I've done the following:
Ordered new wear ring.
Sharpened stock impeller from what it was before, to what is seen below.
Replaced gray fuel lines

I would do the sleeper kit IF, the motor was needing a new topend. I can't justify pulling the cylinders without needing it. I'm considering rebuilding the stock carbs due to the removal of the stock gray fuel lines showing green slime inside. This leads me to believe that even though the ski is running fine, there may be something in the carburation missing that I'm not aware of because I've never know the difference. I'm assuming at best the filters are nearly plugged up. Should I simply rebuild the stock carbs, or should I get a set of stock 800 carbs?

everything the droid said is accurate, agree that there is downside to a pipe but IMO a properly running pipe offers an impressive amount of performance, set that aside you can always add one later :)

sleeper kit , yes, do that only if you need a top end, don't get power hungry on a good running ski and take out good parts. By the time you need a top end you'll have a good idea if you like this ski as is or if you want more, and in the meantime you might look at other minor upgrades here and there.

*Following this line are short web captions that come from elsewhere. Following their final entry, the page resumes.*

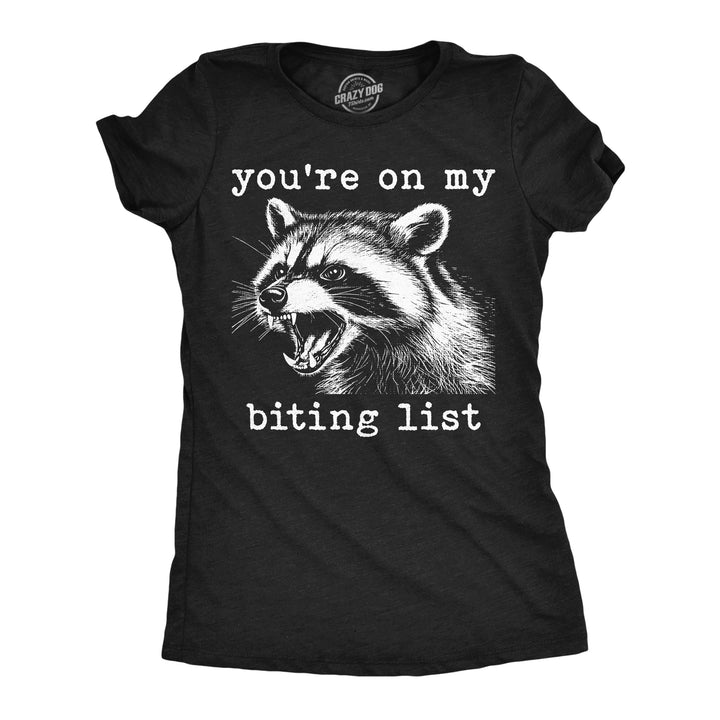 Funny Heather Black - Biting List Youre On My Biting List Womens T Shirt Nerdy animal offensive Tee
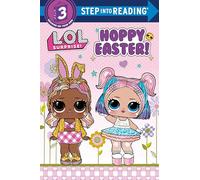 Hoppy Easter! (L.O.L. Surprise!) (Step Into Reading)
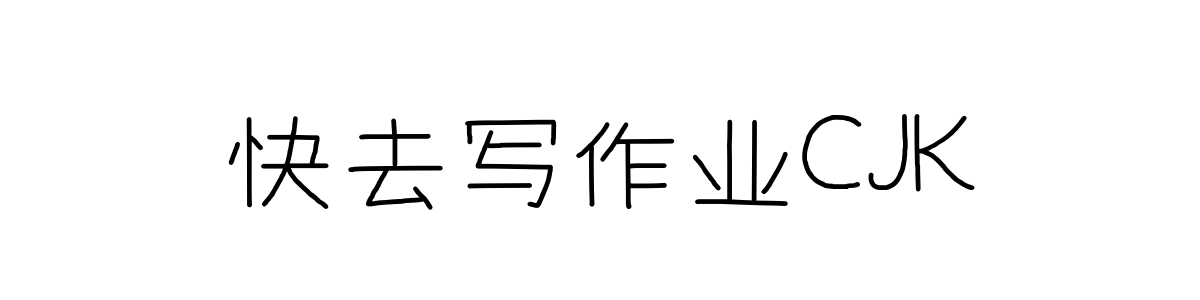 快去写作业CJK Regular 字重的"快去写作业CJK"文本效果展示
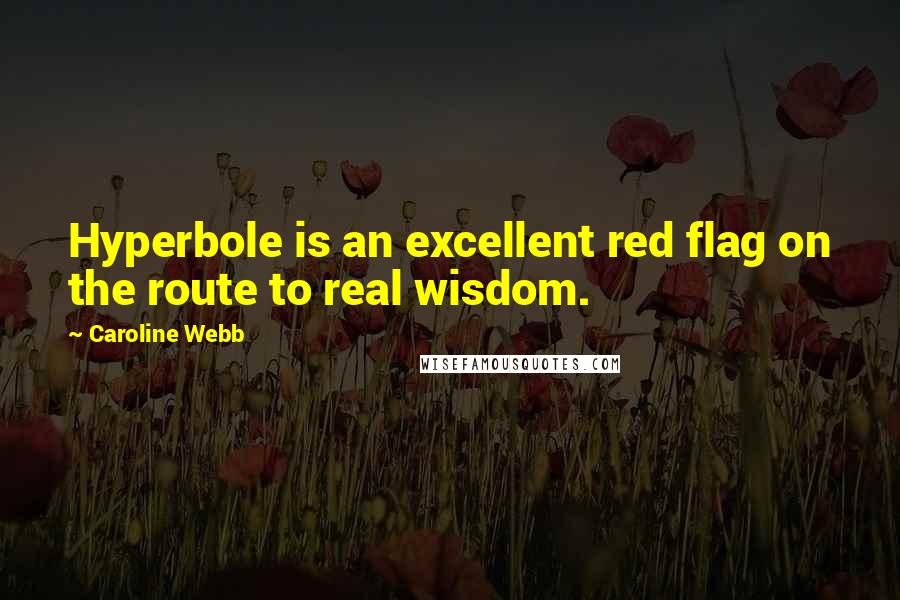 Caroline Webb Quotes: Hyperbole is an excellent red flag on the route to real wisdom.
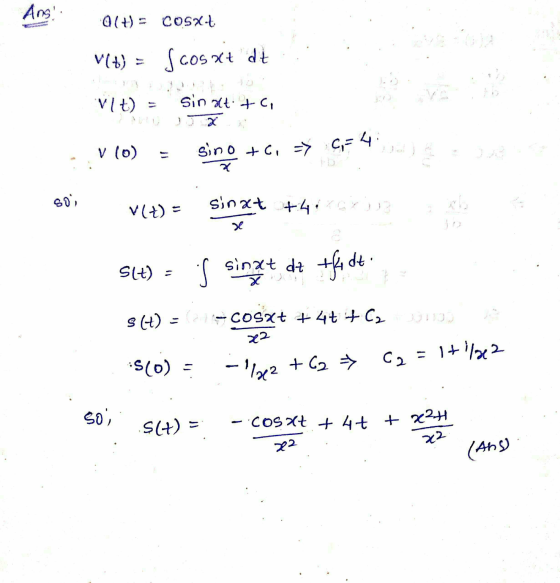 Ang. OCUS COS V() = Scosxt at Vlt) V sin at UC sino to v (0) 9,-4 => hel SOM erex axeht 7eurs Kle V(+) = sinxt dz tfa dt dt.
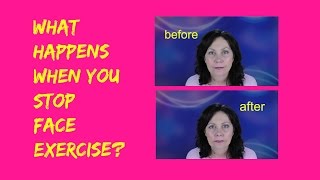 What Happens If I Stop doing Facial Exercise [upl. by Yessak]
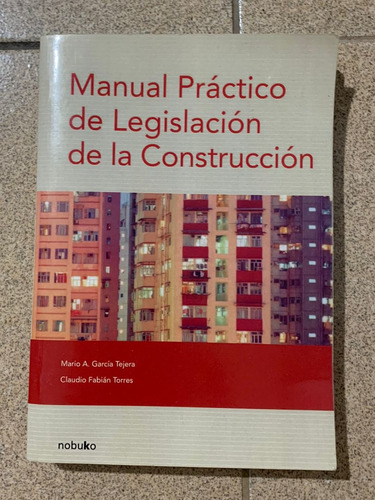 Manual Práctico De Legislación De La Construcción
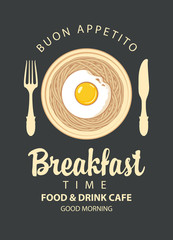 Vector banner with inscription Breakfast time. Flat illustration with appetizing pasta, fried egg on a plate with fork and knife in retro style on the black background. Morning banner or menu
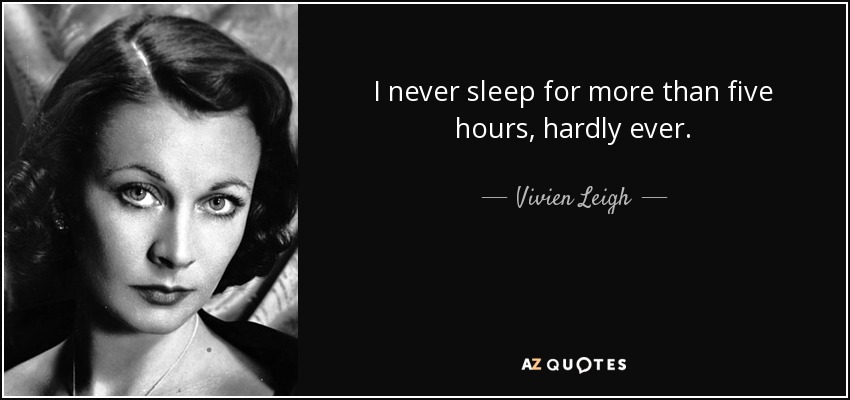 I never sleep for more than five hours, hardly ever. - Vivien Leigh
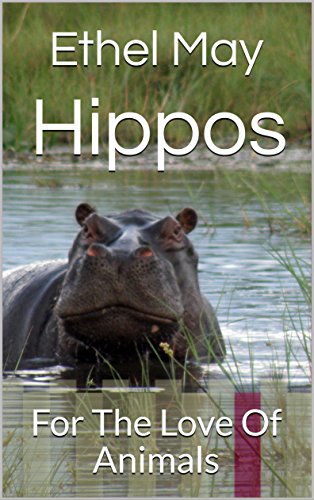 Hippos: For The Love Of Animals (English Edition)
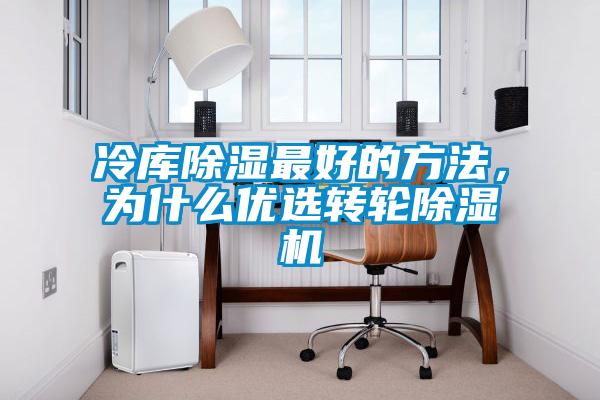 冷庫除濕最好的方法，為什么優(yōu)選轉(zhuǎn)輪除濕機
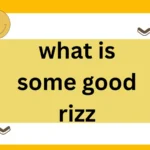 what is some good rizz: Find Your Perfect Line to Drop Today 💬✨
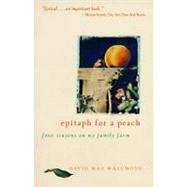 Epitaph for a Peach : Four Seasons on My Family Farm by Masumoto, David Mas, 9780062510259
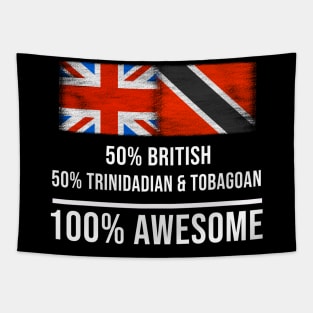 50% British 50% Trinidadian And Tobagoan 100% Awesome - Gift for Trinidadian And Tobagoan Heritage From Trinidad And Tobago Tapestry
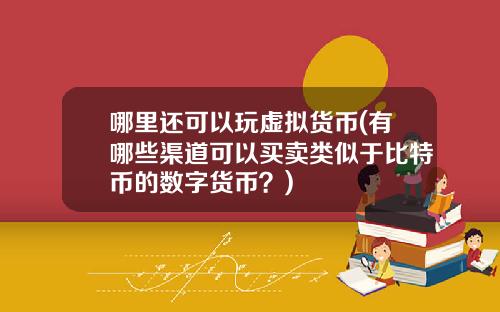 哪里还可以玩虚拟货币(有哪些渠道可以买卖类似于比特币的数字货币？)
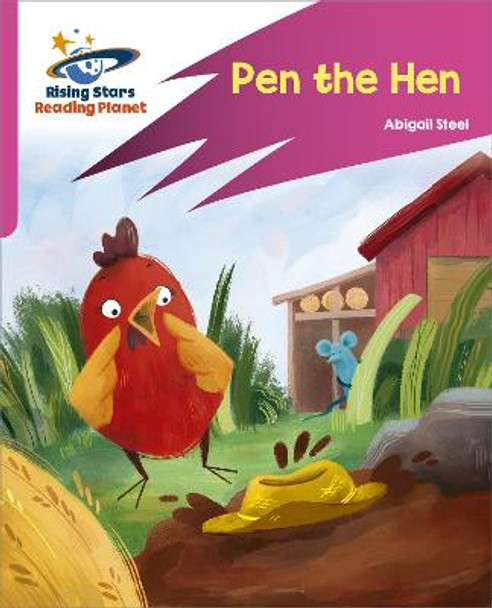 Reading Planet: Rocket Phonics - Target Practice - Pen the Hen - Pink B by Abigail Steel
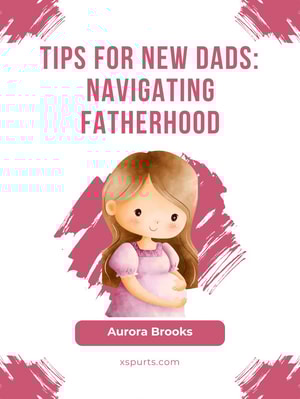 Tips for New Dads- Navigating Fatherhood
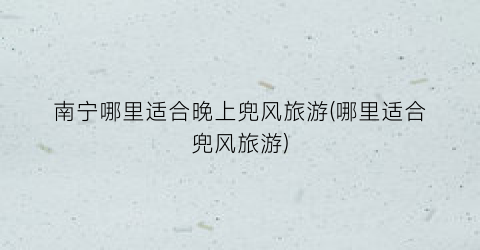 南宁哪里适合晚上兜风旅游(哪里适合兜风旅游)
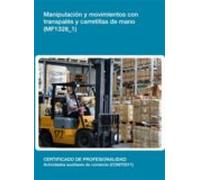 Mf1328_1 - Manipulación Y Movimientos Con Transpalés Y Carretillas De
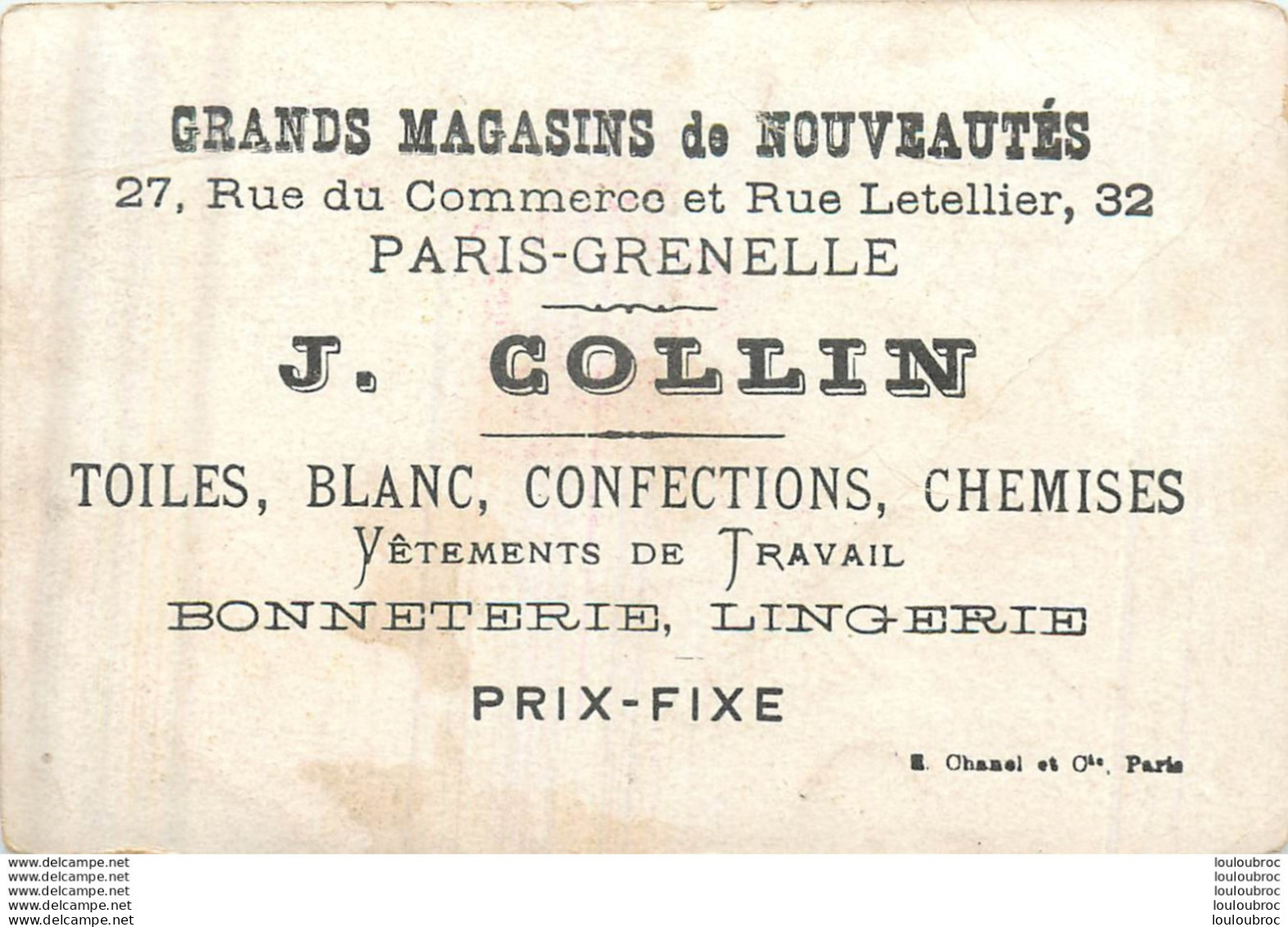 CHROMO  GRANDS MAGASINS DE NOUVEAUTES J.  COLLIN  27 RUE DU COMMERCE PARIS GRENELLE - Autres & Non Classés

YES keep the carbs and rebuild/clean them don't replace unless these are determined to be FUBAR, then replace. take a good look inside then determine if you want a rebuild, verify jets, all that stuff. if your not 100% comfortable you can send them out and sometimes save money since rebuild kits sometimes are not necessary if its just one bad thing, like say a filter and a diaphragm. all the more reason if your comfortable is just pull them get a good look and see what needs to be replaced,.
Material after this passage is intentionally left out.